23 KiB
Backend AGENTS.md
This document is the backend working guide for agents and developers.
Keep it aligned with app/ source files and router behavior.
Stack
- FastAPI
- aiosqlite
- Pydantic
- MeshCore Python library (
meshcorefrom PyPI) - PyCryptodome
Code Ethos
- Prefer strong domain modules over layers of pass-through helpers.
- Split code when the new module owns real policy, not just a nicer name.
- Avoid wrapper services around globals unless they materially improve testability or reduce coupling.
- Keep workflows locally understandable; do not scatter one reasoning unit across several files without a clear contract.

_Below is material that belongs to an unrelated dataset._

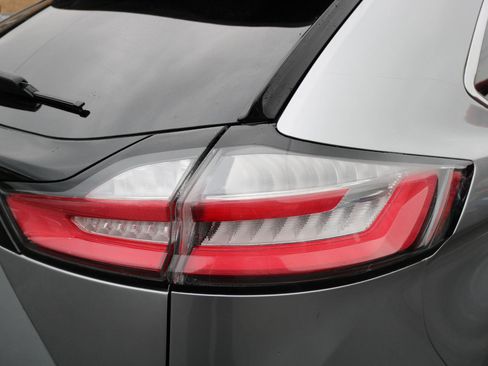 Used 2022 Ford Edge Titanium AWD/4WD image 10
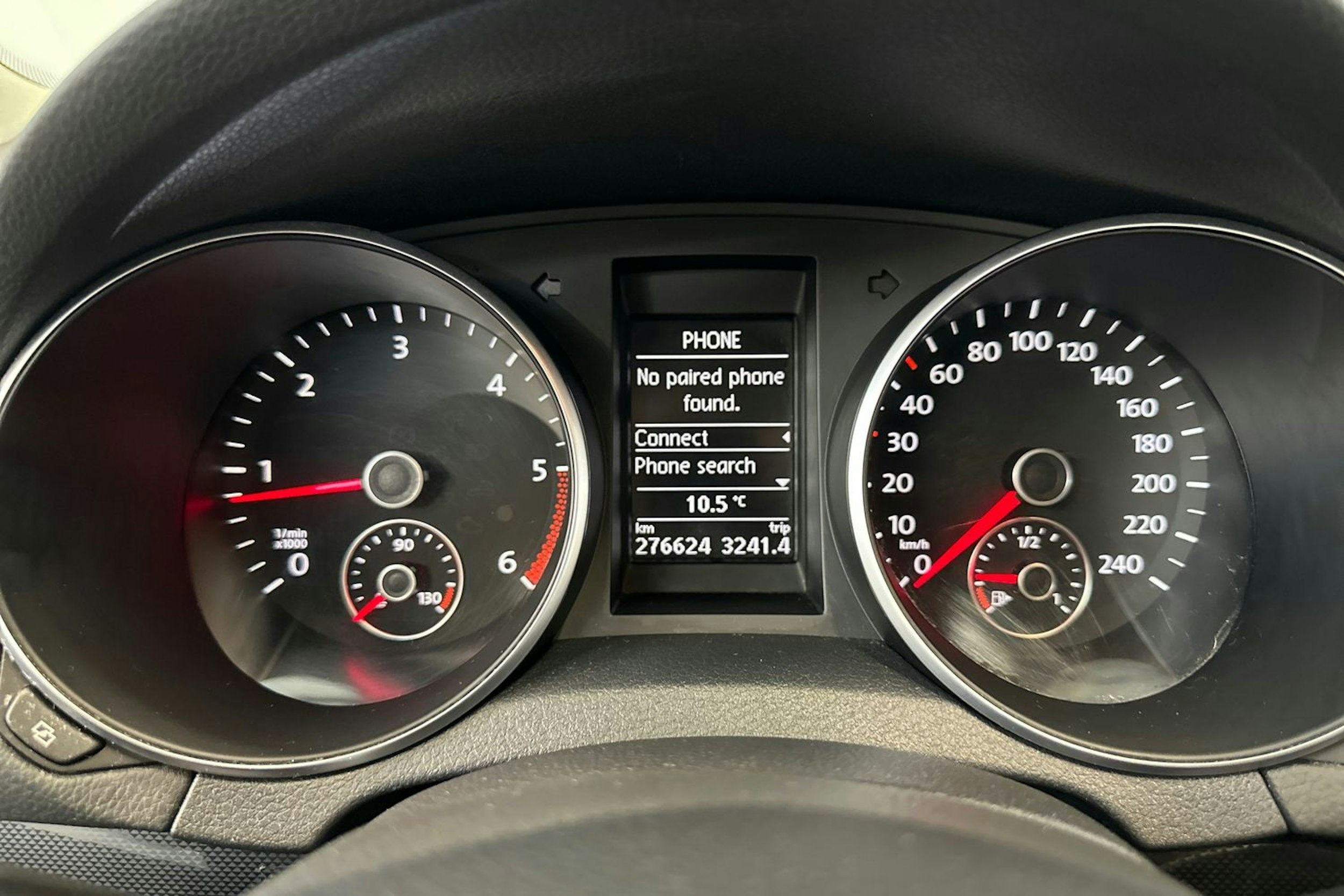 Musta Volkswagen GOLF 2011 kuva 20.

- Typed write/read contracts are preferred over loose dict-shaped repository inputs.
Backend Map
app/
├── main.py # App startup/lifespan, router registration, static frontend mounting
├── config.py # Env-driven runtime settings
├── database.py # SQLite connection + base schema + migration runner
├── migrations.py # Schema migrations (SQLite user_version)
├── models.py # Pydantic request/response models and typed write contracts (for example ContactUpsert)
├── repository/ # Data access layer (contacts, channels, messages, raw_packets, settings, fanout)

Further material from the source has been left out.